The Muslim community itself was partially responsible for this isolation—like the Italian, Irish and Jewish immigrants before them, many hunkered down in ethnic enclaves. They strove to fit in, but quietly. For decades, the Islamic Center of New England, in Quincy, Mass., was home to a growing group of Lebanese immigrants who came to America for work in the shipyards. It was a cozy place, where people with similar backgrounds came to meet, pray and gossip. The imam, a Lebanese man named Talal Eid, was a perfect fit—he understood the community's values and he shared their interest in becoming American. "I have a woman with a head cover and a Muslim woman without a head cover," he says of his congregation at the time. "I'm not here to judge which is good and which is bad. I am here to serve them all equally." (In the past decade, however, his congregation changed as new immigrants arrived from Algeria, Morocco, Egypt and Pakistan; Eid was ousted in favor of a more conservative imam in 2005.)

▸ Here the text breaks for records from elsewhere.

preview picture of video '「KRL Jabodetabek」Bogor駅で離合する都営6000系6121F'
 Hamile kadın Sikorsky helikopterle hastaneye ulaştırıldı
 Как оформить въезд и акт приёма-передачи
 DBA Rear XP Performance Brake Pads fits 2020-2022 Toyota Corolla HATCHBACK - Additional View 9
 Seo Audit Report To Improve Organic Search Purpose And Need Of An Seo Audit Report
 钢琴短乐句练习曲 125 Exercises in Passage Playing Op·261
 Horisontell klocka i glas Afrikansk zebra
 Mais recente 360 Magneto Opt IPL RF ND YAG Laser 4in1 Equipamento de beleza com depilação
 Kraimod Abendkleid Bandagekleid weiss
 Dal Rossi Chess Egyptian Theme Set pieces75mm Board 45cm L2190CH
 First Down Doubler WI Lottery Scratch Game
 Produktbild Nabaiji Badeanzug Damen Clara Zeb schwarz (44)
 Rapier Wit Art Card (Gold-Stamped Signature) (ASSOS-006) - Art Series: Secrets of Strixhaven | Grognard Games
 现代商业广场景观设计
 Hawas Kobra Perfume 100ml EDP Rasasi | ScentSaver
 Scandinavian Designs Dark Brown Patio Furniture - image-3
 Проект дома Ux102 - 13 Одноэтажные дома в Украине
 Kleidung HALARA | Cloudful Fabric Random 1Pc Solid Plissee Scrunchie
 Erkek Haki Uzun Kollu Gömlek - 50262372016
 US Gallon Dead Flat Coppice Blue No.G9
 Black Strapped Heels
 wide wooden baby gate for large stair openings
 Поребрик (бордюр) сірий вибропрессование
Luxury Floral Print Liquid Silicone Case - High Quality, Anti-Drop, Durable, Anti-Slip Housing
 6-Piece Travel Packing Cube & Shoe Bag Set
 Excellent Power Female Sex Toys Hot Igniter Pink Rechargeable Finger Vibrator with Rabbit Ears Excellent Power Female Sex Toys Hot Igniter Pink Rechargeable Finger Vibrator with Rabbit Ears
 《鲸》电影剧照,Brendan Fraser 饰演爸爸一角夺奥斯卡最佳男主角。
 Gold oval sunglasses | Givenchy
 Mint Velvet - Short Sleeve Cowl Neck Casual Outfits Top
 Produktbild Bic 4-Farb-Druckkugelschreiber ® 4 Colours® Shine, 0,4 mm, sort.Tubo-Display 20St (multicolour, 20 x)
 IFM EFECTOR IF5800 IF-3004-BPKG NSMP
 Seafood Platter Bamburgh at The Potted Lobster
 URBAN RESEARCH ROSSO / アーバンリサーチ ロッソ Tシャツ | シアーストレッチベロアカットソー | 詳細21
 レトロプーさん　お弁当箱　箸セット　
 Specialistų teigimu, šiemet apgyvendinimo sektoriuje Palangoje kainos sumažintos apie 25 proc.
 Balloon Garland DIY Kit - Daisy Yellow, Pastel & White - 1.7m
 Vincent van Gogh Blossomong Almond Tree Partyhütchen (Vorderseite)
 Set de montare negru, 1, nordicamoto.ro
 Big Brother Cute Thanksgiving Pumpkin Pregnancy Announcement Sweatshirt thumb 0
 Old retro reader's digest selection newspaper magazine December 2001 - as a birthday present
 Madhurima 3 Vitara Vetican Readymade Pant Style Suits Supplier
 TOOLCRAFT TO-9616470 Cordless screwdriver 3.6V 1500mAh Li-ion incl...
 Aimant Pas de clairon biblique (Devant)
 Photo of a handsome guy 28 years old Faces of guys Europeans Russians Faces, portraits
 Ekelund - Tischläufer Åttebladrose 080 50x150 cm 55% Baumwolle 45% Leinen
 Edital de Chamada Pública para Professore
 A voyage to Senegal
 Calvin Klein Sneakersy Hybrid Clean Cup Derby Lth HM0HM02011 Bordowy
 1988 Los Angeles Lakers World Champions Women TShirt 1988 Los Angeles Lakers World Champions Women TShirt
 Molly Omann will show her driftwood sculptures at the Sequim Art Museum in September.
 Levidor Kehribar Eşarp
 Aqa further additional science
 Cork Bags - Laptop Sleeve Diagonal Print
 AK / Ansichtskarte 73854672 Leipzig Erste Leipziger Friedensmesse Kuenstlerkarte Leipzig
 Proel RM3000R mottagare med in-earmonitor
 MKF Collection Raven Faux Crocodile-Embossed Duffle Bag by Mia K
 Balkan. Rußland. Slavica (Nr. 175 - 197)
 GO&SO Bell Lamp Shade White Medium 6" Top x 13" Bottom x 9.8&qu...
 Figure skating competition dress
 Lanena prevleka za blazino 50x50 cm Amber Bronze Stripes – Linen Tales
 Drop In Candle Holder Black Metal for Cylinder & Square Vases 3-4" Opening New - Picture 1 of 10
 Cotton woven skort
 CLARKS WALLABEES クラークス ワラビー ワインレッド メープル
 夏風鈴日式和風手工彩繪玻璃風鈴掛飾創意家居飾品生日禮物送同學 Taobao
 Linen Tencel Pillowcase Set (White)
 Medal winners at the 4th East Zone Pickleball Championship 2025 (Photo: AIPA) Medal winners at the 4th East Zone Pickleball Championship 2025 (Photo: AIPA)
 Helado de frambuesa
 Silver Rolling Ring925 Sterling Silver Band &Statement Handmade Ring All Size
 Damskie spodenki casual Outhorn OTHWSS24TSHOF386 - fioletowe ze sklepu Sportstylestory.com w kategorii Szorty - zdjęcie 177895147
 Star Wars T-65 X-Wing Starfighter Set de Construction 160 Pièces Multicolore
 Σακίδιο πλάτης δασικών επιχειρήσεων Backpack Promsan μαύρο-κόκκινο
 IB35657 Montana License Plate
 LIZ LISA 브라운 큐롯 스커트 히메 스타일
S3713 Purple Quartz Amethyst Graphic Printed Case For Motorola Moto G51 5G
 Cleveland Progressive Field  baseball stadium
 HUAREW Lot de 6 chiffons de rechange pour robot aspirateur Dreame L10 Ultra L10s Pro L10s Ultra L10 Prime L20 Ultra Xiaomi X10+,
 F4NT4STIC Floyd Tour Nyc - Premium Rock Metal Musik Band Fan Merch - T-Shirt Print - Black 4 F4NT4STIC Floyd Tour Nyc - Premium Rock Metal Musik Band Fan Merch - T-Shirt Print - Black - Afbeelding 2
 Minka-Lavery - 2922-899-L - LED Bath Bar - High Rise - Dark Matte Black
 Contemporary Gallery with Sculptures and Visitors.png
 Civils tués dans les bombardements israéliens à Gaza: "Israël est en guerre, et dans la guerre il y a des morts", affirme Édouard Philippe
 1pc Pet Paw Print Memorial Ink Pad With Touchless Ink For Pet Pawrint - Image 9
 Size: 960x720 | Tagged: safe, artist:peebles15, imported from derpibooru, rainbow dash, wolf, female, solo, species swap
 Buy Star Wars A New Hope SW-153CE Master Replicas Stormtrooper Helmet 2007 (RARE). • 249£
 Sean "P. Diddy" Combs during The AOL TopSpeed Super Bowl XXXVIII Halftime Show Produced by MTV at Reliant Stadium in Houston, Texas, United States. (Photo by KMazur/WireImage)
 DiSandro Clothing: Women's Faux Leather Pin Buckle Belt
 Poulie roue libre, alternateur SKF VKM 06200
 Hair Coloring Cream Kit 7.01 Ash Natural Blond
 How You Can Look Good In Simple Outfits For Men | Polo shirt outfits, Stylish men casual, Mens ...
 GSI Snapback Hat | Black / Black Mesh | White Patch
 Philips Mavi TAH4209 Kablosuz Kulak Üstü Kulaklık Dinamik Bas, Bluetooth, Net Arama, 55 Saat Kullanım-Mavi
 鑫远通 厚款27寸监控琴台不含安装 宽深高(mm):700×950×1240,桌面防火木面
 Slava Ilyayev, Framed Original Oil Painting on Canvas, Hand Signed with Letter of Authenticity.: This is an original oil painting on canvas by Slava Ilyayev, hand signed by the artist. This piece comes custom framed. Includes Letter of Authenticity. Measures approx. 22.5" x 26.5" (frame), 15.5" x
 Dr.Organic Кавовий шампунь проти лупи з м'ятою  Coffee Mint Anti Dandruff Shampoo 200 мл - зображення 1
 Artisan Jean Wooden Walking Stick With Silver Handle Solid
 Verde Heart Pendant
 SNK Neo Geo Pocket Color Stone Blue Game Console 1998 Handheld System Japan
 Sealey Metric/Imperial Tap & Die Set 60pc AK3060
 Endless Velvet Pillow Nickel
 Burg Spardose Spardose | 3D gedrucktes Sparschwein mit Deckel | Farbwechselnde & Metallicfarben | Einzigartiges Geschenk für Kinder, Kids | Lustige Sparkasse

The relative peace that came with invisibility disappeared after 9/11. When Muslims became objects of fear, "people who had never recognized and seen themselves as Muslims had no choice but to see themselves as Muslim," says Muzaffar Chisti, director of the Migration Policy Institute at the New York University School of Law. Young women who had never before worn the traditional Islamic head covering—and whose mothers saw it as a symbol of the backwardness they had left at home—put on the veil. According to a 2002 study from Hamilton College, more than a third of Muslim American women now wear the veil every day.
The first thing Razi Mohiuddin and his wife, Tahseen, did after 9/11 was to host an open house for the larger community at their mosque, the Muslim Community Association in Silicon Valley. More than a thousand non-Muslims showed up. The next thing they did was take their children out of their elite private school and install them in the school at the mosque. Before the attacks, the Mohiuddins lived the lives of busy, successful professionals: he launched start-ups; she was a pre-K teacher. Their own religious observance, the backbone of their family life, was private.